_Exercise:_ Stop after the line with "2022世界動力電池大會主論". Up to that point, output every line of the listing below exactly from the first one onward, skipping pictures.

_Data to process:_
»»

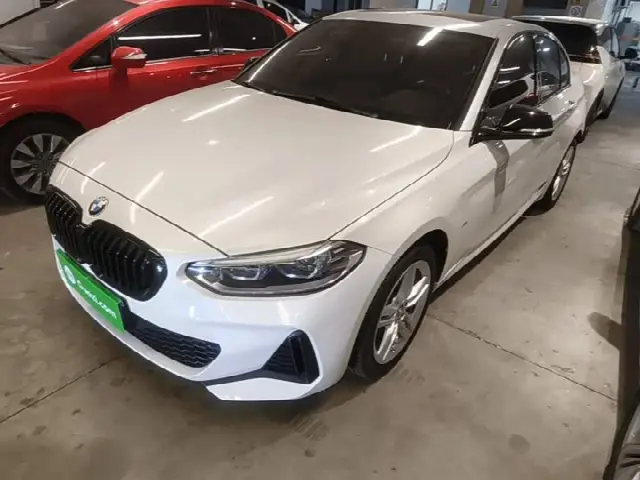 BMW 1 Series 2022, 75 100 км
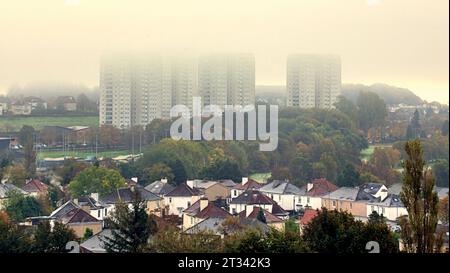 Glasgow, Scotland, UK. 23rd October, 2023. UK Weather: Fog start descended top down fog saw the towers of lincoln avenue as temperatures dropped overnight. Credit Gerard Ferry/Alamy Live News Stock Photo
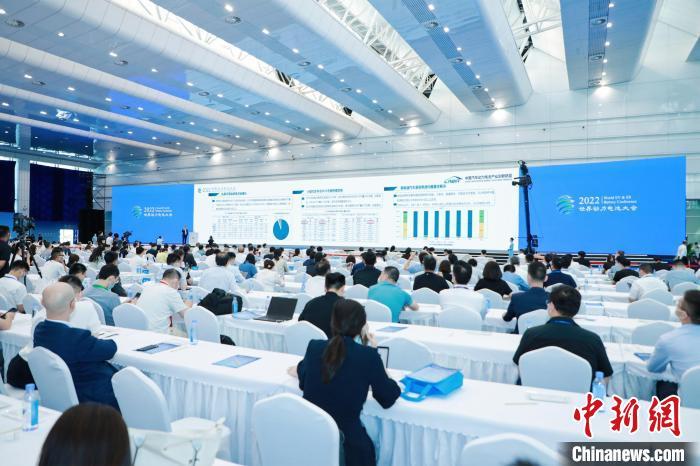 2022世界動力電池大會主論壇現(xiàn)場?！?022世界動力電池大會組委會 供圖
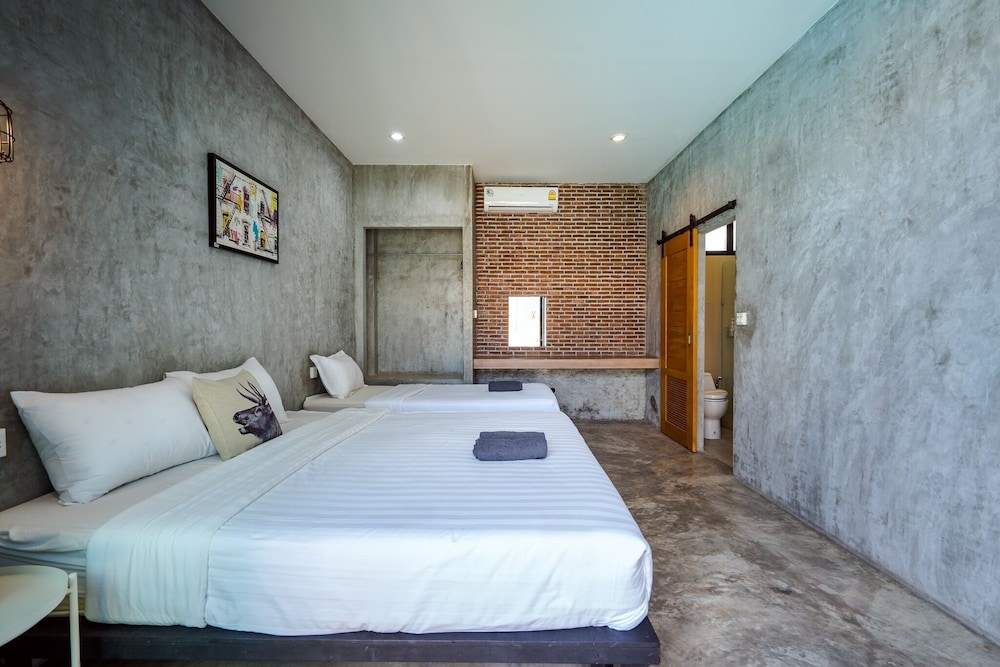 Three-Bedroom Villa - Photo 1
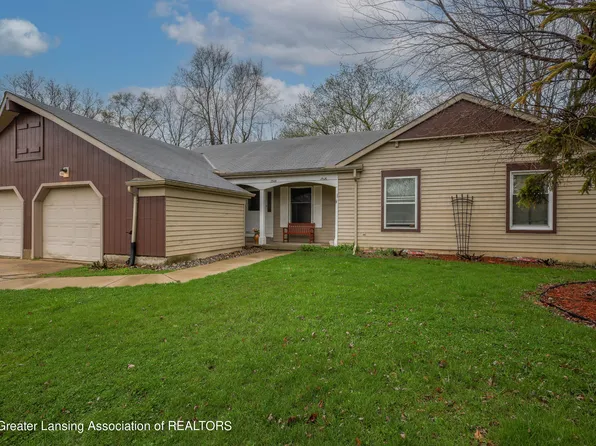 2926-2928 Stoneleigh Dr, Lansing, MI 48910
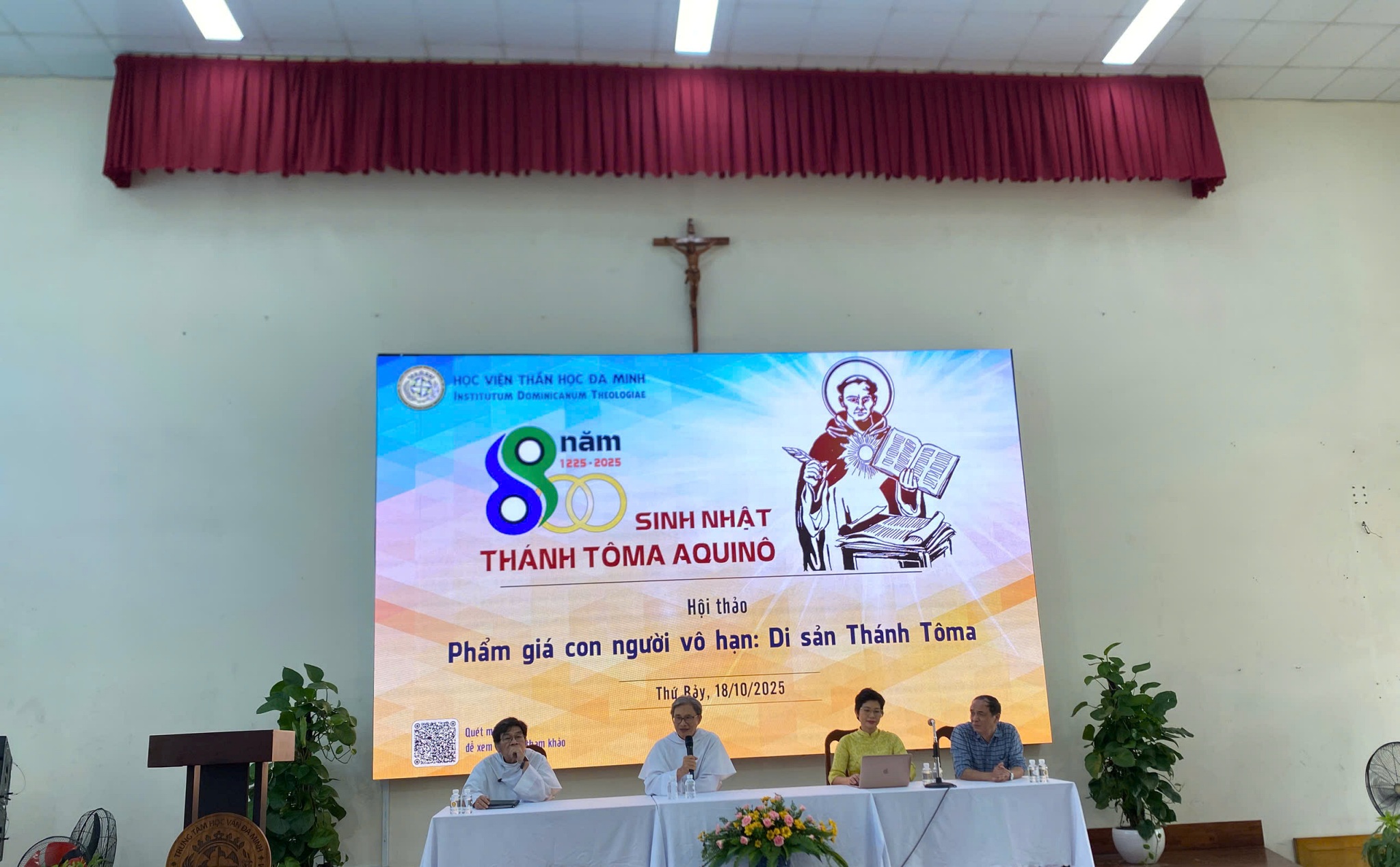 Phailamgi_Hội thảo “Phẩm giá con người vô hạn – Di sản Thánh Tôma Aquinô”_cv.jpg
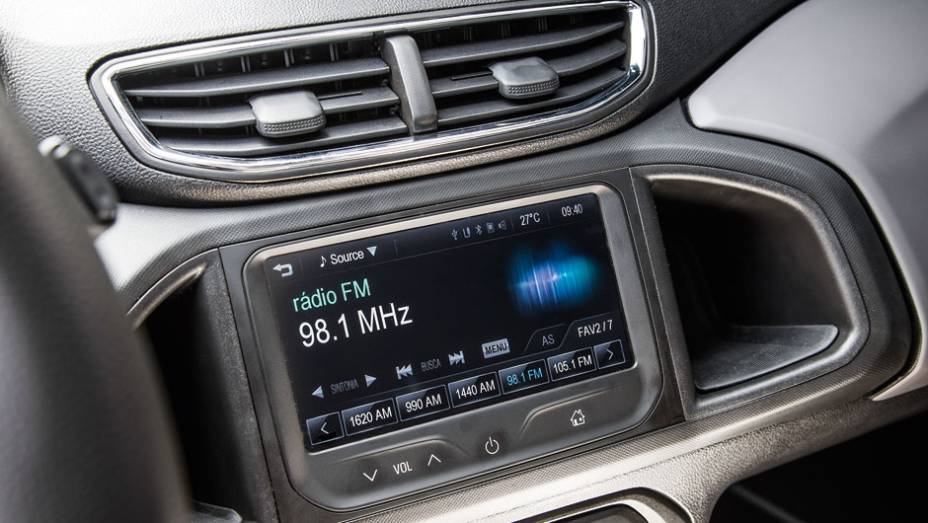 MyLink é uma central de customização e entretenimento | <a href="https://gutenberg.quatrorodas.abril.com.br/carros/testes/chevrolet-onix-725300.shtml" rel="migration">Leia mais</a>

««

_Your response:_
 BMW 1 Series 2022, 75 100 км
 Glasgow, Scotland, UK. 23rd October, 2023. UK Weather: Fog start descended top down fog saw the towers of lincoln avenue as temperatures dropped overnight. Credit Gerard Ferry/Alamy Live News Stock Photo
 2022世界動力電池大會主論壇現(xiàn)場?！?022世界動力電池大會組委會 供圖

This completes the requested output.